TASK STATEMENT: Down to the last line, print the data that follows exactly, without its pictures.

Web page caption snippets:
----

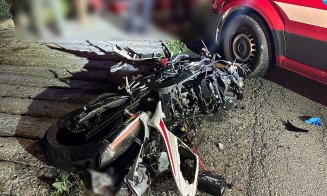 Accident mortal pe un drum din județul Cluj. Un motociclist a decedat și un minor a ajuns la spital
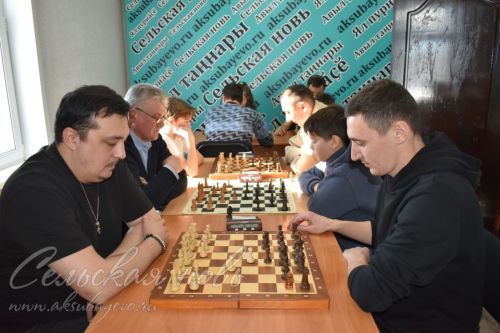 Аксубаевская «Сельская новь» в память о бывшем редакторе организовала шахматный турнир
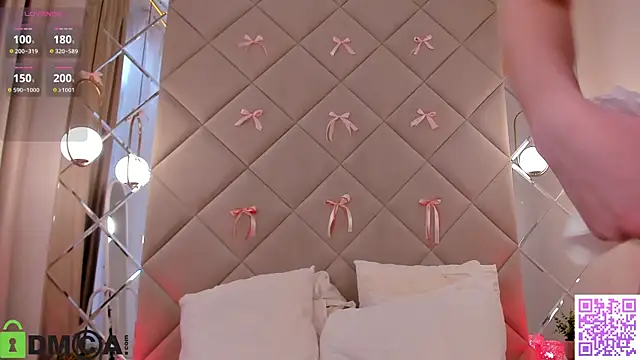 moon_sanny's Live XXX Chat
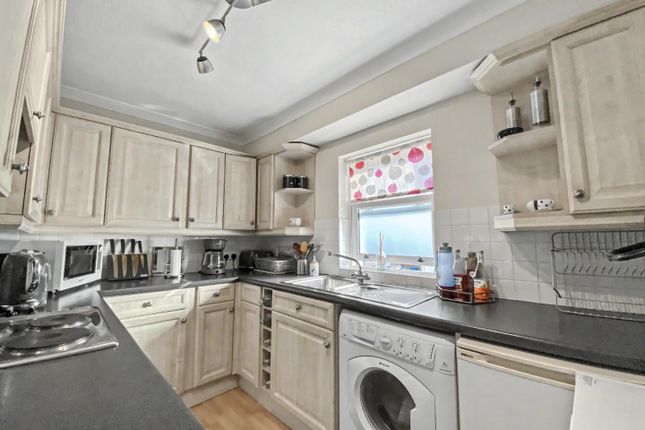 Flat 2, 1A, Bexley Street, Windsor photo 3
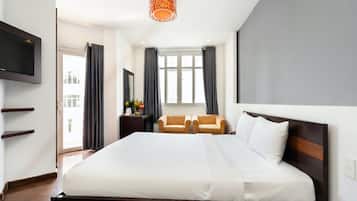 Habitación Deluxe doble, vistas a la ciudad | Minibar, caja fuerte, escritorio y cortinas opacas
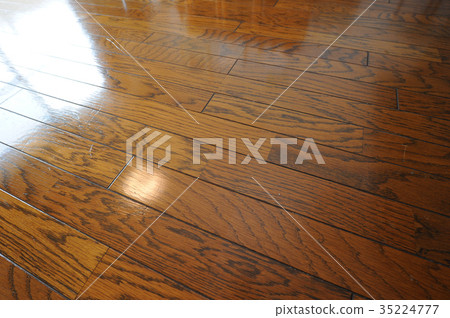 改革後的房子清潔閃亮的地板 35224777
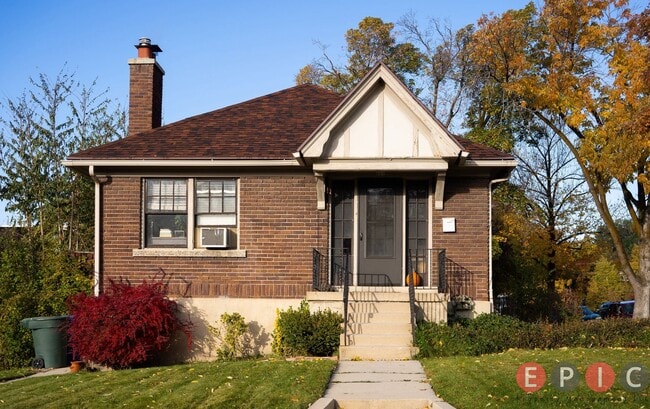 Building Photo - 237 Unit 237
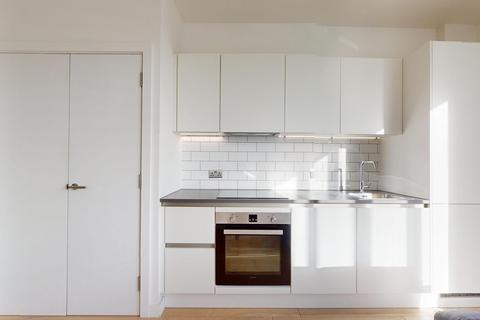 undefined, Great West Road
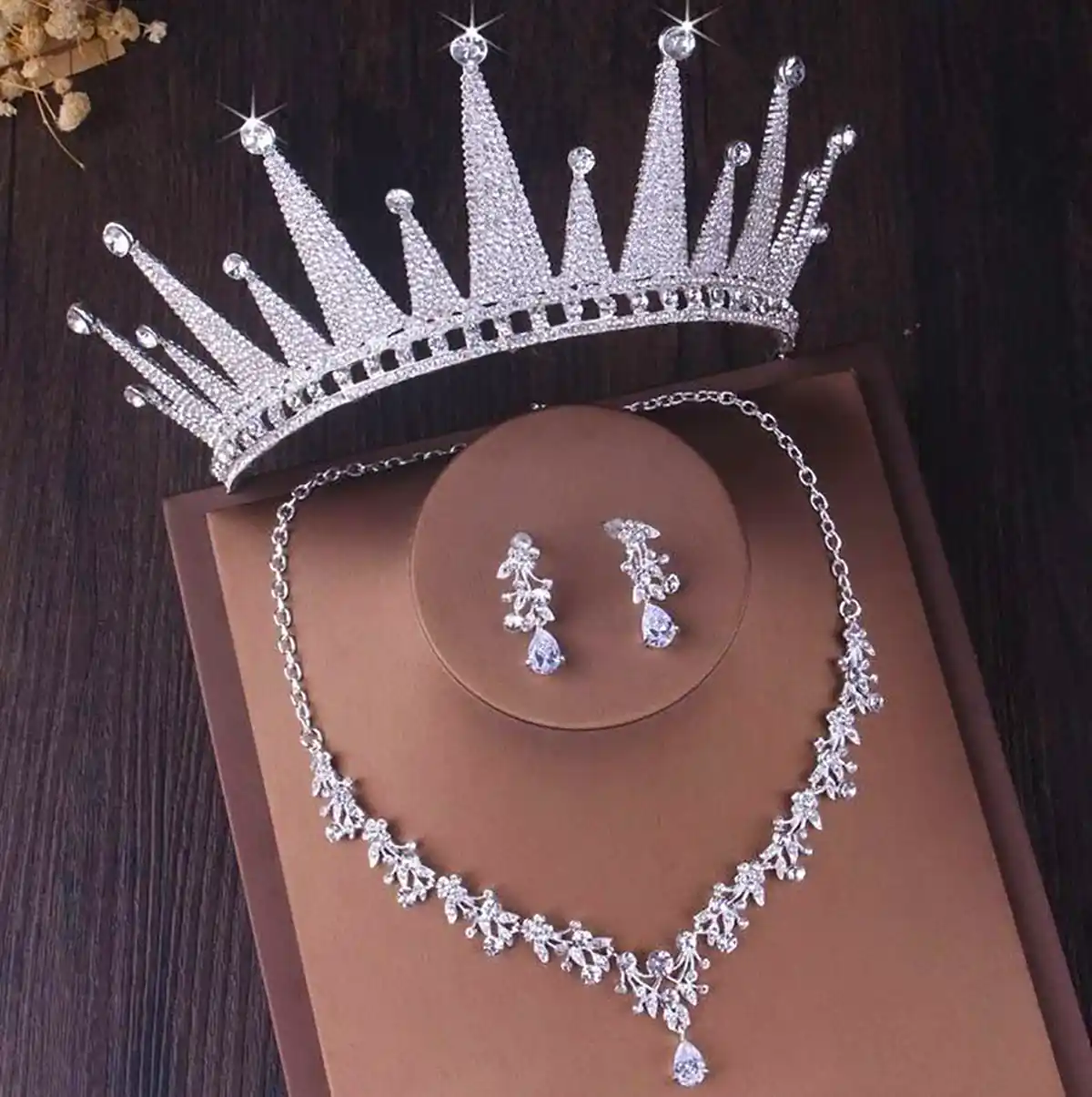 سرویس جواهر و تاج عروس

----

YOUR SOLUTION:
 Accident mortal pe un drum din județul Cluj. Un motociclist a decedat și un minor a ajuns la spital
 Аксубаевская «Сельская новь» в память о бывшем редакторе организовала шахматный турнир
 moon_sanny's Live XXX Chat
 Flat 2, 1A, Bexley Street, Windsor photo 3
 Habitación Deluxe doble, vistas a la ciudad | Minibar, caja fuerte, escritorio y cortinas opacas
 改革後的房子清潔閃亮的地板 35224777
 Building Photo - 237 Unit 237
 undefined, Great West Road
 سرویس جواهر و تاج عروس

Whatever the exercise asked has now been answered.